● About this exercise
Restate the data below word for word, omitting pictures.
### Available data
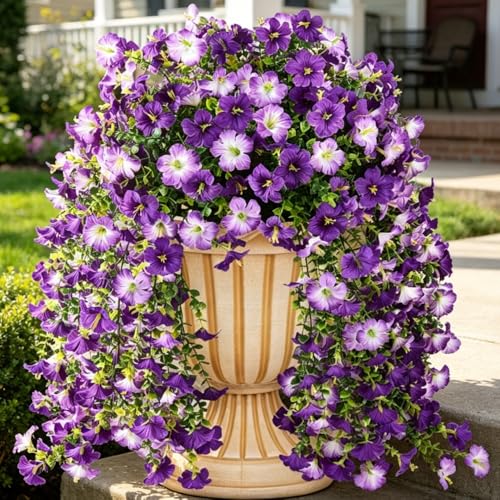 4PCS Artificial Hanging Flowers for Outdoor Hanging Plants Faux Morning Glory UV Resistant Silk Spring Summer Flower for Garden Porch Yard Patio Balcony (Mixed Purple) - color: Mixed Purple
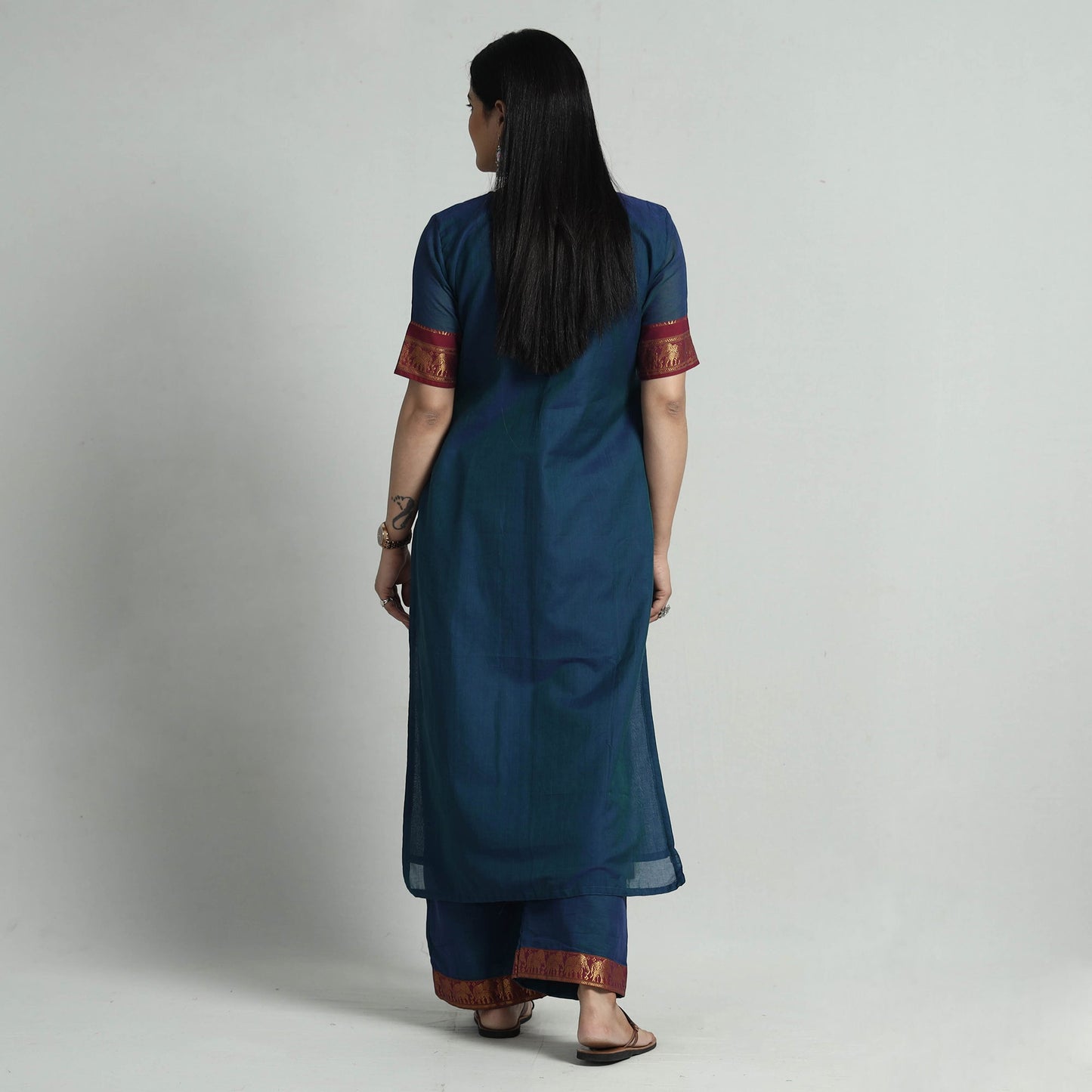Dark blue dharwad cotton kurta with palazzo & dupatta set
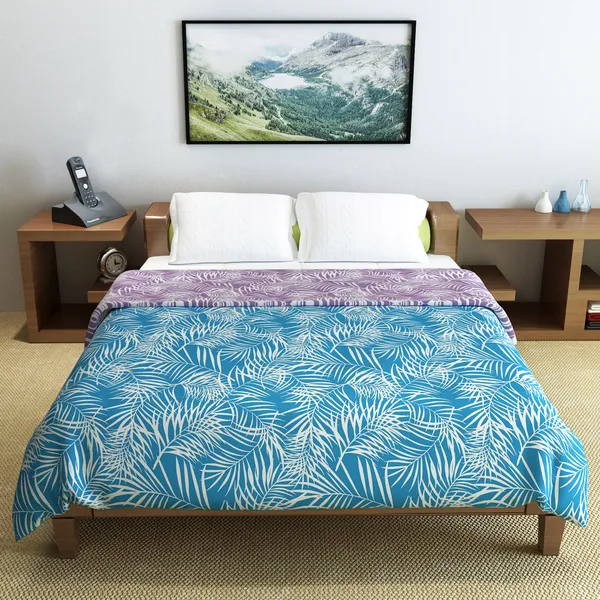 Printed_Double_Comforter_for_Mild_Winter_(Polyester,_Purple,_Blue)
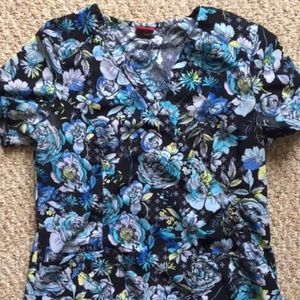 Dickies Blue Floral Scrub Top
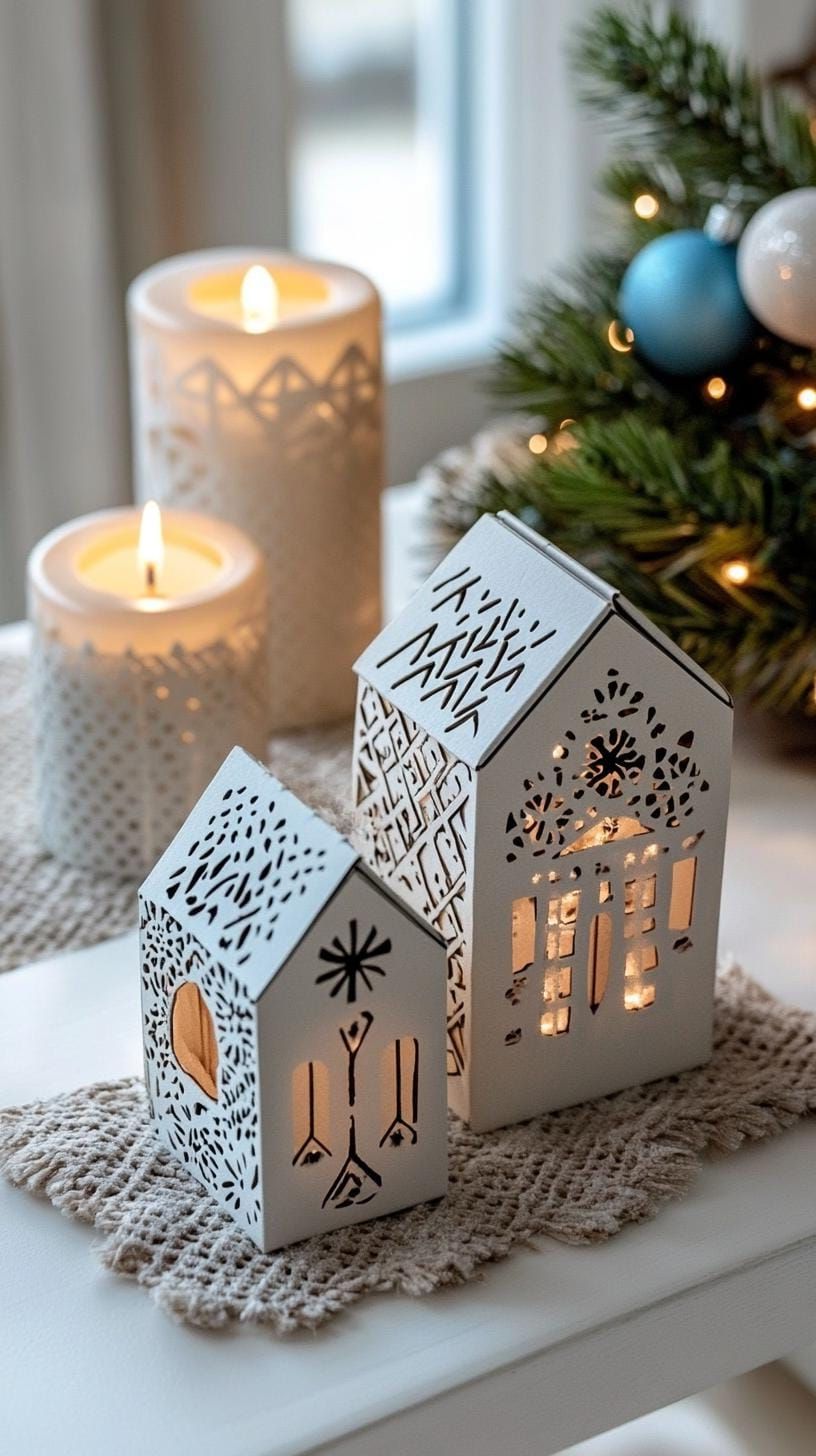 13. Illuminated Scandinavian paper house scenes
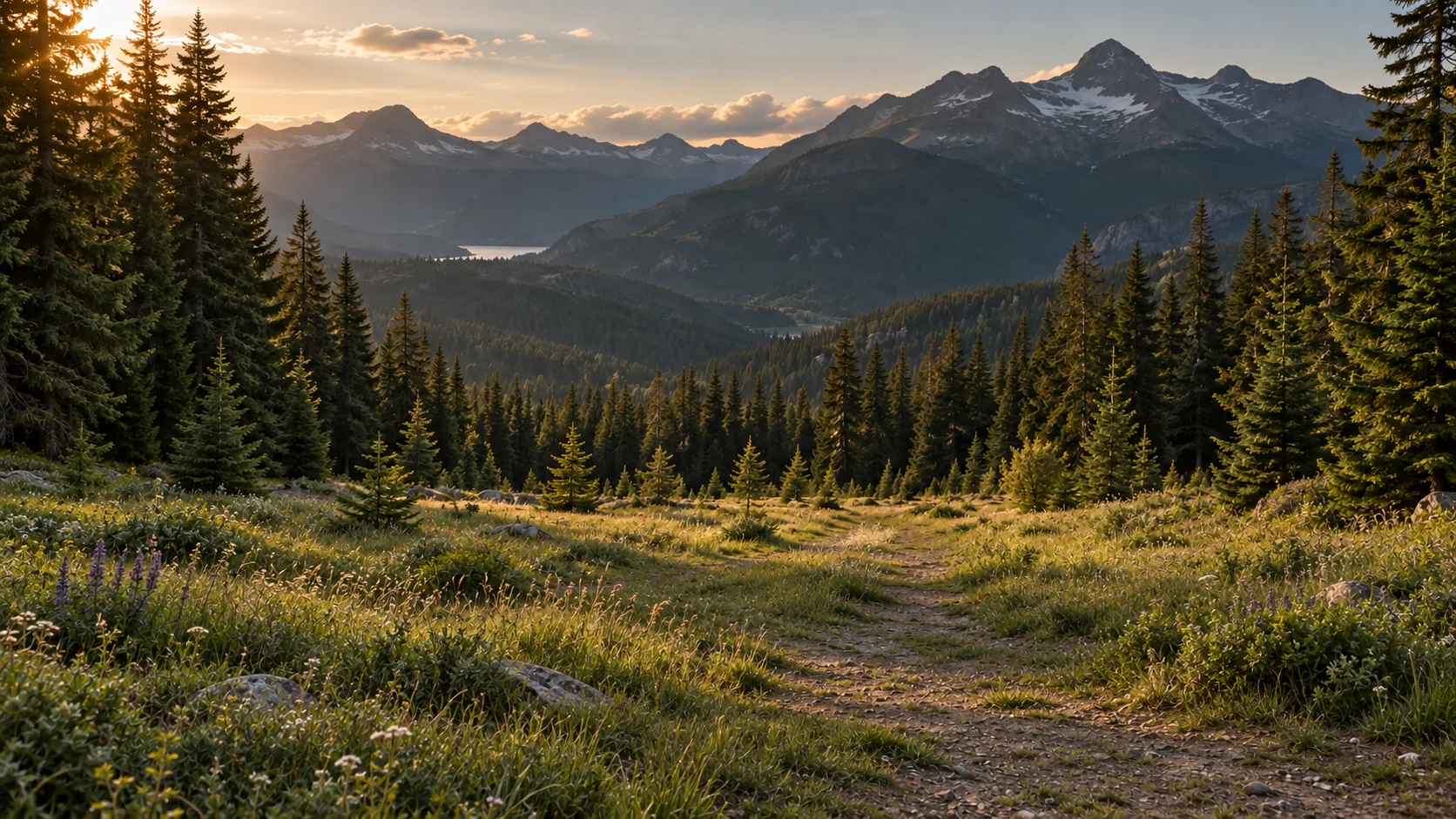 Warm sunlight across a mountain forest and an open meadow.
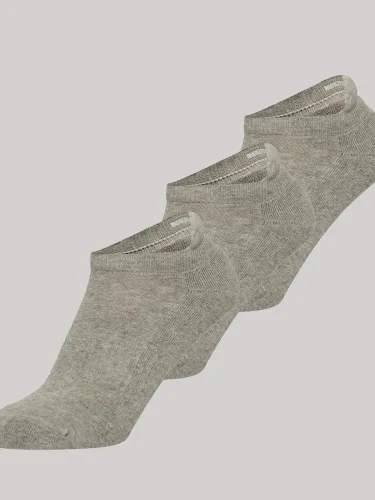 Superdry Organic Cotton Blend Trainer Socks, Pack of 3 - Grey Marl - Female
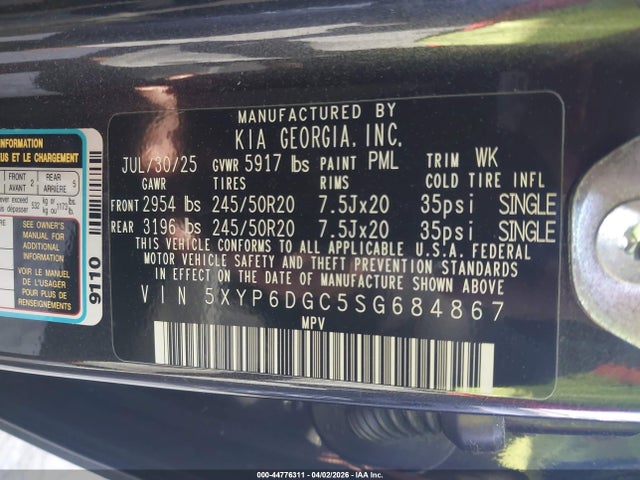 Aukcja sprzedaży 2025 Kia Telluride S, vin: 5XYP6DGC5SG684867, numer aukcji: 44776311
######
● Solution
 4PCS Artificial Hanging Flowers for Outdoor Hanging Plants Faux Morning Glory UV Resistant Silk Spring Summer Flower for Garden Porch Yard Patio Balcony (Mixed Purple) - color: Mixed Purple
Dark blue dharwad cotton kurta with palazzo & dupatta set
 Printed_Double_Comforter_for_Mild_Winter_(Polyester,_Purple,_Blue)
 Dickies Blue Floral Scrub Top
 13. Illuminated Scandinavian paper house scenes
 Warm sunlight across a mountain forest and an open meadow.
 Superdry Organic Cotton Blend Trainer Socks, Pack of 3 - Grey Marl - Female
 Aukcja sprzedaży 2025 Kia Telluride S, vin: 5XYP6DGC5SG684867, numer aukcji: 44776311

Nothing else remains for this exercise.